Колодки вытряхнул.

— Эти возьму. Авось хоть домочадцев в фасон обуть успею. А Петро, царство ему небесное, соединился, значит, с пролетариями всех стран?..

— Не кощунствуй, не бери грех на душу.

— Грех? Будь помоложе, я бы его такой взял, какого Емеля не брал. Не беда, что Петро умер, цари мрут, и не их жалко, жалко — мастера свои ремесла переживут. И канет в конце концов промысел народный в небытие. Вот сколько вы запросите за деревяшки эти?

Женщины переглянулись.

— Не зыркайте. Больше ведра картошки все равно не дам, а ведь им цены не было. Ни цены, ни веку бы. И сгорят.
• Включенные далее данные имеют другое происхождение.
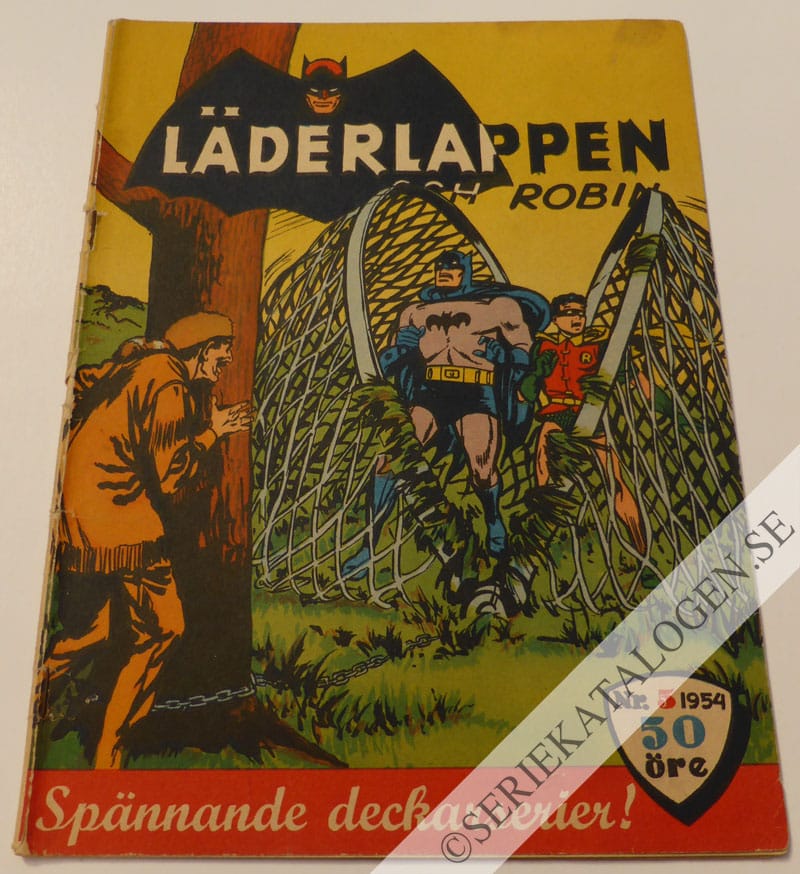 Framsida på Läderlappen och Robin #5 (1954)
Не сегодня, так завтра.

— Это почему?

— А то уж вы сами смекайте…

Но тогда было не до раздумий, почему должны сапожные колодки до срока сгореть, тогда думали, как самим не угаснуть. На прииске какой-то умник отлил из червонного золота плевательницу для общественного туалета, пустив слух, что оно якобы при социализме ни на что другое и не годно будет, изъято новой властью из обращения и упразднено как основная причина неравенства и как этот… будь он неладен… базис проклятого капитализма, а поэтому рушить, так рушить. Разрушили — и нигде никого. Хозяев — ни старых, ни новых. Работы — никакой.

— Езжай-ка ты, слышь, милая дочь, к братьям на угольные копи, пока не народился четвертый на явную смерть.

— А там чем лучше? Везде одинаковое творится.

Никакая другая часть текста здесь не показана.